I have used super low viscosity epoxy on plywood to build built in aquariums with great success.It goes on like water(super thin),and soaks into the wood before curing.I've never had plywood de-laminate or any fish suffer any ill effects.I have used epoxy from West Systems and Glen-L marine with good results.Whatever you use,let it cure for two weeks and then give it a good scrubbing with soap and water before using the enclosure.


----------



## luke (Apr 10, 2011)

Aristotle said:


> I just received a Zoo Med Tortoise House. I am anxious to put it together and move my little greek baby out of her glass tank - it breaks my heart to see her scratching against the glass a lot. The thread above is very helpful regarding water-proofing, but all of the methods above appear to take time to dry/set/air out. Is there anything I can do to make the house immediately water-proof? Is there any liner that I can use that is equally as effective as the above methods? That said/asked, I want to do this right and from the thread I have learned that ALL inside surfaces should be waterproofed, so my basic question is how long do I have to wait after I have applied the Parks Superglaze epoxy resin and silicone sealer? I saw a reference to 72 hours above - is this the minimum time? Prepare for a dumb question ("construction" projects are not my forte) - should I apply the epoxy resin to all of the pieces BEFORE I put the house together? I assume the silicone sealer will be applied to all adjoining pieces after assembly.
> 
> Thanks!
> 
> ...



I cant help you much with your assembly questions but I did throw togeter a portable tort box out of scraps from my New tort project. I coated the inside and some of the ouside of the portable tort box so i can get the feel of working with the resin. Here is what I have.

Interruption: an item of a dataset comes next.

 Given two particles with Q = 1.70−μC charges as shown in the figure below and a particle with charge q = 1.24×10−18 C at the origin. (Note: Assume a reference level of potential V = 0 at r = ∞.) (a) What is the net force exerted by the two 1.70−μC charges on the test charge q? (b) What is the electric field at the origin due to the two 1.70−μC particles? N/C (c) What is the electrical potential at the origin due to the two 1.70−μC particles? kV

This fiberglass resin dries prety fast, but the smell lingers for weeks. I let this box air out for about a week. I brough it into the living room one day and when I came back the whole room smelled like resin. This is after a week keep in mind. After two weeks it will still smell but it wont fill a room. I like to use it outside or close to a fan so the torts dont get too much fumes while it continues drying.


----------



## datsunissan28 (Apr 11, 2011)

If you are looking for something faster, why not use FRP boards (fiber reinforced plastic). The only wait time is if you seal the joints with silicone.

I used this in my Russians enclosure http://www.tortoiseforum.org/Thread-New-Russian-Enclosure-Build#axzz1JDVdMoEF

This is a very proven method with Monitor enclosures (usually over a foot of substrate and they have much sharper claws)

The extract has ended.